**EXERCISE DATA:**

*** Block opens ***

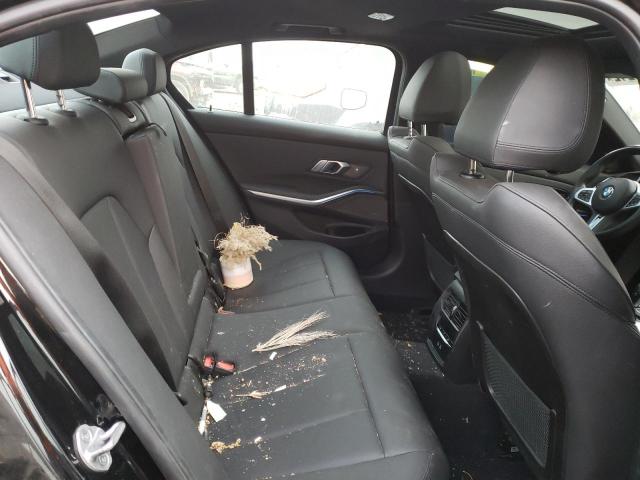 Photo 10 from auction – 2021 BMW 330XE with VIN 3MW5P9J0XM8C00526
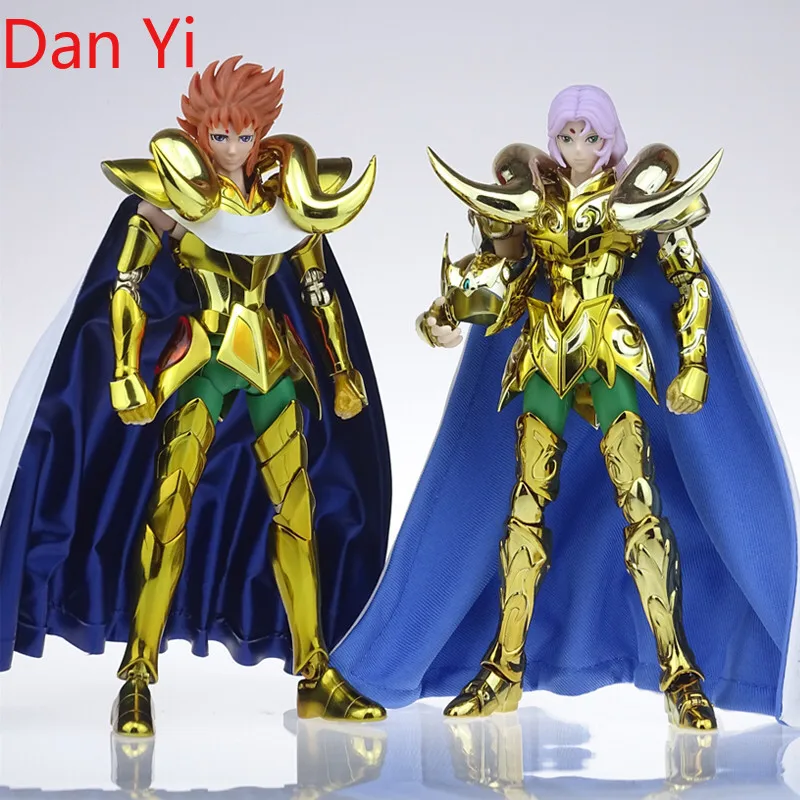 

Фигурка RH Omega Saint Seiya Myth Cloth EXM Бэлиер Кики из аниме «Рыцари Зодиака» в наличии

*** Block closes ***
*** Block opens ***

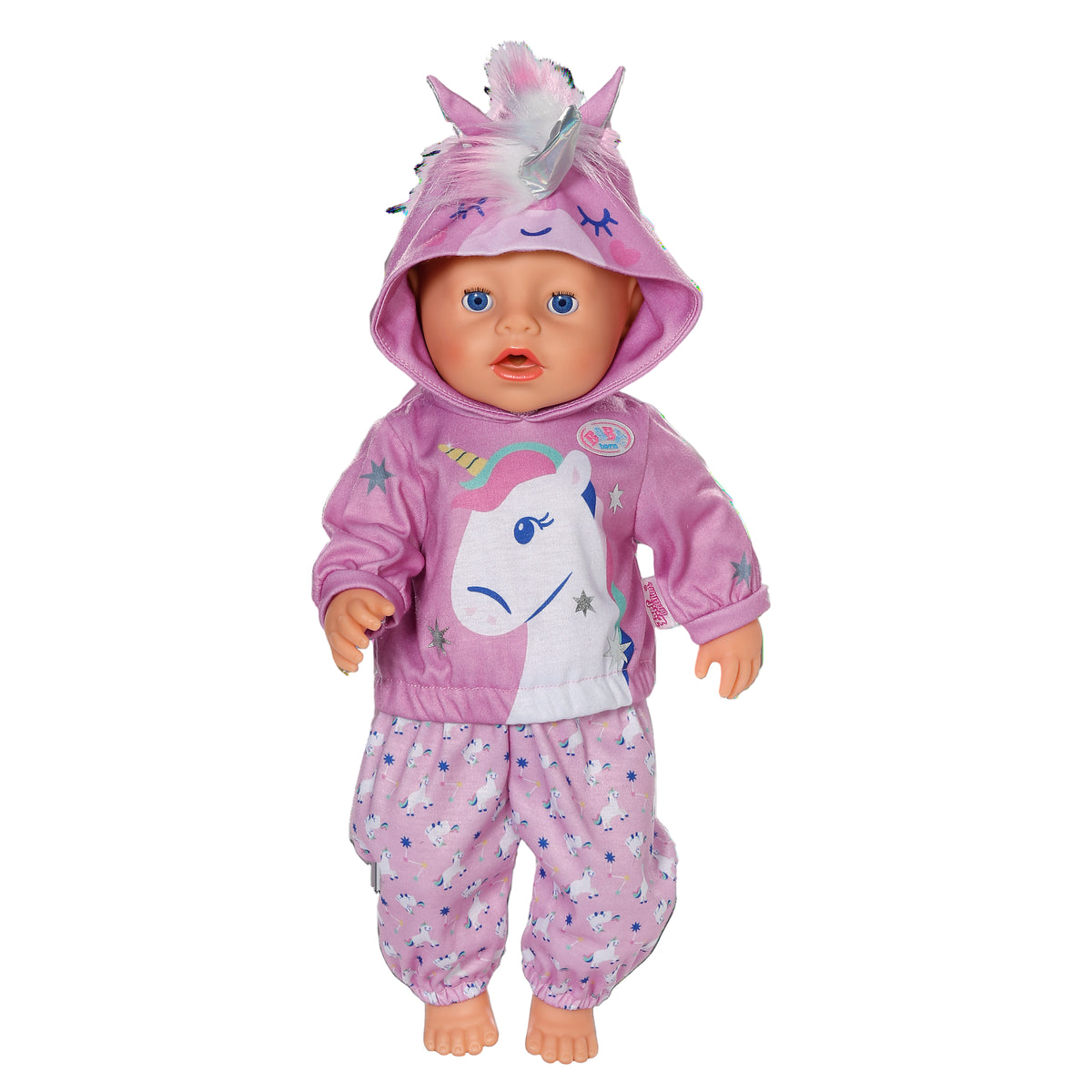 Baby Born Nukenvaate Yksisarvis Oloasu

*** Block closes ***

Look above for the line containing "Photo 10 from" and the line containing "Фигурка RH Omega", then reproduce both and everything between them exactly, pictures omitted.

 Photo 10 from auction – 2021 BMW 330XE with VIN 3MW5P9J0XM8C00526

Фигурка RH Omega Saint Seiya Myth Cloth EXM Бэлиер Кики из аниме «Рыцари Зодиака» в наличии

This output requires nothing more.